# Comparing measured and modeled data

In the previous exercise, you probably noticed that the different modeled datasets did not exactly agree on the amount of irradiance, even for the same place and time period.

The way to assess the accuracy of modeled irradiance data is to compare it with high-quality ground measurements, which is the aim of this exercise.

In [None]:
# Install pvlib on Google Colab as this is not a standard package.
!pip install pvlib

In [6]:
import pvlib  # library for PV and solar calculations
import pandas as pd  # library for data analysis
import matplotlib.pyplot as plt  # library for plotting
import numpy as np  # library for math and linear algebra

## Step 1: Retrieve measured data

For this exercise, we will be using measurements from the Cabauw BSRN station (`station='CAB'`). The station is selected because of the high-quality, and that quality-control has already been performed on the data.

**Credentials for the BSRN FTP server are available on Learn.**.

In [None]:
# Write your code here
# data_measured, meta_measured =  

#### SOLUTION ####
data_measured, meta_measured = pvlib.iotools.get_bsrn(
    station='CAB',
    start='2020-01-01',
    end='2020-12-31',
    username='redacted',
    password='redacted',
)

data_measured.head()

## Step 2: Resample measurement data to hourly
Since the satellite data we will be working with is hourly, we need to resample the 1-minute measurement data to hourly.

To do this, you can use the built-in function `data_measured.resample('1h').mean()`. In order for the solar position to be calculated correction for hourly data, the timestamps have to correspond to the middle of the period. Therefore, add or subtract half an hour from the index depending on whether the data is left or right-labeled. For left-labeled data, the hour 00:00 to 01:00 would be labeled 00:00.

In [None]:
# Write your code here

#### SOLUTION ####
data_measured = data_measured.resample('1h').mean(label='left')

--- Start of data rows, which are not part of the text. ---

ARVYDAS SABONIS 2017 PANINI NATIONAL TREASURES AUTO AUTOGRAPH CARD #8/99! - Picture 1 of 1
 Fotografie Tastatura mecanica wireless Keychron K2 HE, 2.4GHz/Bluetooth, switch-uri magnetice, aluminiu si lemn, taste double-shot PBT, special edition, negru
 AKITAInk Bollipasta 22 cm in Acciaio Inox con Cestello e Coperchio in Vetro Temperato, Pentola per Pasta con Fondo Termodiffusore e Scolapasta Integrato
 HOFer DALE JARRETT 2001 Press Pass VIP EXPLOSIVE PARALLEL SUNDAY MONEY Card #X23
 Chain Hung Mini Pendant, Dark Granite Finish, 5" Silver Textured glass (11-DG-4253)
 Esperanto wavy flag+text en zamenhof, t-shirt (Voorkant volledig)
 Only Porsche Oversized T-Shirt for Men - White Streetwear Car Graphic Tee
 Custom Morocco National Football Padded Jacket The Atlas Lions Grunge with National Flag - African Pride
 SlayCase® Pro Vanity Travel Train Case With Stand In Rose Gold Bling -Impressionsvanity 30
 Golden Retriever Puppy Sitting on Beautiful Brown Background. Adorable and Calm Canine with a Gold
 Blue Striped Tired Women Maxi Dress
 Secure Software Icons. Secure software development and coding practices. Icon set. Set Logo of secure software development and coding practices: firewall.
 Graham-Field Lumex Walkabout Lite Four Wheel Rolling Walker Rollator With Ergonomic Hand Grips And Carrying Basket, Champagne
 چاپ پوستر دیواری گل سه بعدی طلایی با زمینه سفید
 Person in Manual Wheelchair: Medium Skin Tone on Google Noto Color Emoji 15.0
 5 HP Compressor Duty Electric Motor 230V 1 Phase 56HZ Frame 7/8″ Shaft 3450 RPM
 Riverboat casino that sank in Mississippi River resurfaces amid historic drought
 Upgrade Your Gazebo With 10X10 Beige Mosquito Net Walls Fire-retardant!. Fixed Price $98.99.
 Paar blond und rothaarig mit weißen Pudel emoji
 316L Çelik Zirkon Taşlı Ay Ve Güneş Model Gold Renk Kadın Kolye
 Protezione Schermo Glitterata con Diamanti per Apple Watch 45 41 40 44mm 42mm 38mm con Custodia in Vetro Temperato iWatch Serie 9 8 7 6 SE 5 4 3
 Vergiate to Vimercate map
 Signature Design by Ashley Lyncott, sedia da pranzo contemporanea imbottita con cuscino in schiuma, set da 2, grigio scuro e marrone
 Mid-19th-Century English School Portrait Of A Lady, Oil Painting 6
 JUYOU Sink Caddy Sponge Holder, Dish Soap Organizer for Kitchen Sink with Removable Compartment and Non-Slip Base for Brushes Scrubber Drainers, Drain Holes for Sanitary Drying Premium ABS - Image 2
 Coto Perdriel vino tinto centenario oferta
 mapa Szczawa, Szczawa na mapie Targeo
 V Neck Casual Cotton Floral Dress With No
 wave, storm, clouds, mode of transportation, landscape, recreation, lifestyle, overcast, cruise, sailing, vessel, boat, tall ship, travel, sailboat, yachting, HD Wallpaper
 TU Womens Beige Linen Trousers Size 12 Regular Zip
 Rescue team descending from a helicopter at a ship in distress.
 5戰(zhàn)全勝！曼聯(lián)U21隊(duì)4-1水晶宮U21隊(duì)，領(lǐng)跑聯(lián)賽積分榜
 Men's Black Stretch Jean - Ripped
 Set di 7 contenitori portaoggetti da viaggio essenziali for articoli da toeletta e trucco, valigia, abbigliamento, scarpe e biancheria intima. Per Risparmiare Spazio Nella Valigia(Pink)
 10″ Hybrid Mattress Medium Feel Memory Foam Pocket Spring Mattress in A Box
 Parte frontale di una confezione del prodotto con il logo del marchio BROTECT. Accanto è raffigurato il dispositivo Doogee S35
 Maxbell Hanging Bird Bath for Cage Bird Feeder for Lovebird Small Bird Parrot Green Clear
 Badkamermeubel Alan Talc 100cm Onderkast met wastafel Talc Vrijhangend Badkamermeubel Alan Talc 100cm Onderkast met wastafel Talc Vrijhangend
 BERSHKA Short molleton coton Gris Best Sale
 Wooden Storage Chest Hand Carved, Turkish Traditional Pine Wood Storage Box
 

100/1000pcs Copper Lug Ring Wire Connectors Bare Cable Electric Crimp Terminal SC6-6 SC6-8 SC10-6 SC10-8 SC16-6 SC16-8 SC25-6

data_measured.index = data_measured.index + pd.Timedelta(minutes=60)

data_measured.head()

## Step 3: Calculate solar position

Calculate the solar position for the timestamps of the hourly indexes from the previous step.

Look through the exercises on "Calculating solar position in Python" if you need a refresher on how to do this.

In [None]:
# Write your code here

#### SOLUTION ####
location = pvlib.location.Location(
    latitude=meta['latitude'],
    longitude=meta['longitude'],
)

solpos = location.get_solarposition(data_measured.index)

solpos.head()

## Step 4: Retrieve modeled data

For the comparison, we will only use one modeled dataset, namely CAMS Radiation (see the previous exercise on how to retrieve this).

Retrieve CAMS irradiance data for the same location and period:

In [None]:
# Write your code here
data_model, meta_model = pvlib.iotools.get_cams(
    latitude=location.latitude,
    longitude=location.longitude,
    start='2020-01-01',
    end='2020-12-31 23:59',
    email='arajen@dtu.dk',
    identifier='cams_radiation',
    time_step='1h',
    label='left',
)

data_model.index = data_model.index + pd.Timedelta(minutes=30)

data_model.head()

## Step 5: Visual comparison

As a first assessment, it is always useful to plot the data.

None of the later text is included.